Tanjung Puting (Indonesia)

Practical information on Tanjung Puting

  • Nature Reserve / Wildlife Observation / Safari
  • River
  • Off the beaten track
5 / 5 - One review
How to get there
1 hour by plane from Jakarta
When to go
It's better during the dry season, between May and September
Minimum stay
2 to 3 days

Reviews of Tanjung Puting

Marion Brand Seasoned Traveller
3 written opinions

Tanjung Puting Park is on the south of Borneo (or Kalimantan). This nature reserve of more than 300 hectares is a great chance to go out into the Indonesian jungle and meet up with nature.

My suggestion:
Don't forget to wear sun-cream and mosquito repellent. If you are travelling during the rainy season then take good waterproof shoes because some of the treks through the forest can quickly become impracticable without the right equipment.
My review

The main way to get to the park's different areas is by boat. So travellers usually opt for a cruise in a "klotok", a flat bottomed boat decked out to take between 2 and 10 people. Reserving this sort of transport means you will also be employing a crew, cook and guide. Granted, I was sceptical to begin with but I was quickly seduced by this means of transport which although it provides western style comforts is still very authentic and, thanks to the guide, allows you to find out much more about the park.

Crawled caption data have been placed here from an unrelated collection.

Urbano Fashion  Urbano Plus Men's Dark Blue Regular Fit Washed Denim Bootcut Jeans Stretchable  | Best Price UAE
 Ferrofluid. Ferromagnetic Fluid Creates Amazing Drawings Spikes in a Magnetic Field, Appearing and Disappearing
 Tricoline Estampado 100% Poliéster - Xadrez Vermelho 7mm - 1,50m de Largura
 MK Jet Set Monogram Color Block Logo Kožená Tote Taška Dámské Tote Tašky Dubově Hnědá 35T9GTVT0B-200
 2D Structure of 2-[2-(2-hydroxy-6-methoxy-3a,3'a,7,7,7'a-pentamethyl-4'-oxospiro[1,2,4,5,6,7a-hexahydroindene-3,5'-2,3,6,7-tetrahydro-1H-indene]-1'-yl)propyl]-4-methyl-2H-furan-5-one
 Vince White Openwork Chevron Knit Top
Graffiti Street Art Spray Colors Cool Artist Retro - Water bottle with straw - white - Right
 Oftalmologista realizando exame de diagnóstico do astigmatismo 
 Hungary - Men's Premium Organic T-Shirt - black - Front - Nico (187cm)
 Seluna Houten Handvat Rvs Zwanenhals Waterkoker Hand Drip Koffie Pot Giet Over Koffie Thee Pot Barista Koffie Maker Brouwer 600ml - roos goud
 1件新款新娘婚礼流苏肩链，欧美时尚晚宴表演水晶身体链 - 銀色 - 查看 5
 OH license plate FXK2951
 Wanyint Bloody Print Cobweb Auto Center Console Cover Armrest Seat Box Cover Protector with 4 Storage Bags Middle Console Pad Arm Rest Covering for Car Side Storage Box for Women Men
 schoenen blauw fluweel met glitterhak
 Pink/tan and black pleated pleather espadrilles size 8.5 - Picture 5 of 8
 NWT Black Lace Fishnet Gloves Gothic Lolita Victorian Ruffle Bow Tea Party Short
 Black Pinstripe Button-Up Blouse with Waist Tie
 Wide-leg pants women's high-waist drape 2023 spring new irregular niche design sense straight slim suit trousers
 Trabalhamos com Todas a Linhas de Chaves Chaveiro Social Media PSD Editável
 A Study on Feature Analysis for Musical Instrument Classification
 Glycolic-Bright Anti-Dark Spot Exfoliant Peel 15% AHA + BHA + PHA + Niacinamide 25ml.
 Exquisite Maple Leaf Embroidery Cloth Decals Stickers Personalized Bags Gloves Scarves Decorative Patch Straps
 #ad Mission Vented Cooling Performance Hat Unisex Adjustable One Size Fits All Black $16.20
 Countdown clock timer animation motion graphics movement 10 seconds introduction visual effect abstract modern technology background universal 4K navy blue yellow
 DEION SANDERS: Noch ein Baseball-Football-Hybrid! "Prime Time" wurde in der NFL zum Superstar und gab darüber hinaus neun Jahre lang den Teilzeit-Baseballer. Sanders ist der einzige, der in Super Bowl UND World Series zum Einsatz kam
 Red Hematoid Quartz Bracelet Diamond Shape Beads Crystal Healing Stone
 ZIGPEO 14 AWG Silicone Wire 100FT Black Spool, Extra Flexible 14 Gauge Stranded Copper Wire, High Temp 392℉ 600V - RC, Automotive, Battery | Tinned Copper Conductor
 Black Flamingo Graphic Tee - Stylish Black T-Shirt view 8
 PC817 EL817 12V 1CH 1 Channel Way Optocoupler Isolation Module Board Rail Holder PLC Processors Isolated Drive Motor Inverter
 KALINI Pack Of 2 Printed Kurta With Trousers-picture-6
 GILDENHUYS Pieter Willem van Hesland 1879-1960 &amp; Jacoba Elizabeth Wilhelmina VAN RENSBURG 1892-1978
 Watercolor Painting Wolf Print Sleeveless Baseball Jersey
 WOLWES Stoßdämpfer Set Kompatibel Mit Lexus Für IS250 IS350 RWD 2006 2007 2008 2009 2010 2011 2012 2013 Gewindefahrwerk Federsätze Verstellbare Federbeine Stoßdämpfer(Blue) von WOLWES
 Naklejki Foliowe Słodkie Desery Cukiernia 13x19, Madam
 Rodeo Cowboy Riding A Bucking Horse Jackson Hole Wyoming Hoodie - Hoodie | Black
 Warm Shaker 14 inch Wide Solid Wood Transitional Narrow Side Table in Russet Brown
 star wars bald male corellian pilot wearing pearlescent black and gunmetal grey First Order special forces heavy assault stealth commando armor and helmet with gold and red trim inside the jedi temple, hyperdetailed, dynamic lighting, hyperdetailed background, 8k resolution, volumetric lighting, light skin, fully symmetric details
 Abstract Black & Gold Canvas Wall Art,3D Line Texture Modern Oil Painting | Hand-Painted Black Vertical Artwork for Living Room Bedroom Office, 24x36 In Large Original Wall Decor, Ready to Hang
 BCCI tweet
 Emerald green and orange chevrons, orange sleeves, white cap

Tanjung Puting has a profusion of animal and vegetable species. Each turn of the Sekonyer is a chance to look at something new: yet another family of monkeys, a colourful bird flying an front of you, a tree full of fire-flies that will light up when night falls... You are completely immersed in nature and, apart from the purr of the boat's motor, there are no sounds to spoil the tranquility If, like me, you find the constant bustle of Indonesian towns tiring, then you will really enjoy this return to nature.

Obviously, Tanjung Puting's star attraction is watching the Orangutans. The park is home to lots of these "old men of the forest" and I was lucky enough to meet a lot of them in Camp Leakey. The place is dedicated to caring for these fragile animals and is one of the pillars of research on the species. You guide will explain the politics and functioning of this legendary place to you in detail. Our visit was organised for feeding time so that we could see these touching creatures up close. And you never know, you may be lucky enough to see a mother with her baby on her back climbing down to feast on a few bananas!